No chyba, że takie samo podejście jak gościa od którego kupowałem moją wiertarko frezarkę jak spytałem o szpilkę to dziwił się czego ja chcę :mrgreen: a klin od kolumny dostałem w łapkę, na początku myślałem, że to zapas :mrgreen:


Autor tematu
strikexp
Lider FORUM (min. 2000)
Lider FORUM (min. 2000)
Posty w temacie: 6
Posty: 4419
Rejestracja: 31 mar 2017, 19:47
Lokalizacja: Warszawa

#13

Post napisał: strikexp » 07 paź 2017, 21:47

Wygląda na to że problemem była chińszczyzna. Na końcu stożka (tego węższego) nie była zrobiona faza. To chyba był problem że przy frezowaniu doszło tam go jakiegoś zakleszczenia ostrą krawędzią.
Próbowałem tym klinem ale się nie dało. Więc wkręciłem śrubę dociągającą prawie do końca i puknąłem kilka razy młotkiem.

Pewnie zajeżdzę te swoje maszyny takimi głupotami. No ale to i tak tańsze niż miałbym latać na jakieś zajęcia zawodowe czy cuś. Niestety jak człowiek inną drogą podążał całe życie to teraz ma problem z najprostrzymi rzeczami :mrgreen:


kolec7
Specjalista poziom 3 (min. 600)
Specjalista poziom 3 (min. 600)
Posty w temacie: 2
Posty: 984
Rejestracja: 01 mar 2009, 22:40
Lokalizacja: Poznań
Kontakt:

#14

Post napisał: kolec7 » 09 paź 2017, 08:18

RomanJ4 - jesteś doskonałym fachowcem o niesamowitym zacięciu edukacyjnym, ale....

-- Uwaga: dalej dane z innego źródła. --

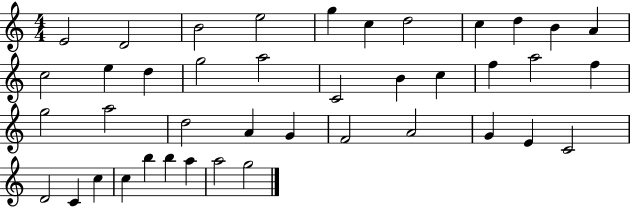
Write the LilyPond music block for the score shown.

{
  \clef treble
  \numericTimeSignature
  \time 4/4
  \key c \major
  e'2 d'2 | b'2 e''2 | g''4 c''4 d''2 | c''4 d''4 b'4 a'4 | \break c''2 e''4 d''4 | g''2 a''2 | c'2 b'4 c''4 | f''4 a''2 f''4 | \break g''2 a''2 | d''2 a'4 g'4 | f'2 a'2 | g'4 e'4 c'2 | \break d'2 c'4 c''4 | c''4 b''4 b''4 a''4 | a''2 g''2 | \bar "|."
}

W omawianym aspekcie, jestem w stanie się z Tobą nie zgodzić.
Do "odklejania" stożków Morse'a, tzn. do luzowania oprawki z gniazda wrzeciona, nie służy młotek,
ponieważ w zaproponowanym przez Ciebie rozwiązaniu, siłę uderzenia przenoszą łożyska. Jak wiemy nie jest, to dla nich "najzdrowsze" - szczególnie takie udarowe obciążenia, podczas braku względnego ruchu pierścienia zewnętrznego, względem pierścienia wewnętrznego.

Do "odklejania" służyć powinna konstrukcja maszyny. Na Twoim rysunku, to pozycje "1" i "2".
Czyli zakołkowana obejma kołnierza wykonanego na szpilce ściągacza "3".
Poprzez obrót ściągacza w lewą stroną (przeciwną do ściągania oprawki do wrzeciona), szpilka "3" wypycha oprawkę z gniazda Morse'a.

Oboje wiemy doskonale, że takie praktyki są stosowane notorycznie, ale sami nie propagujmy takich zachowań.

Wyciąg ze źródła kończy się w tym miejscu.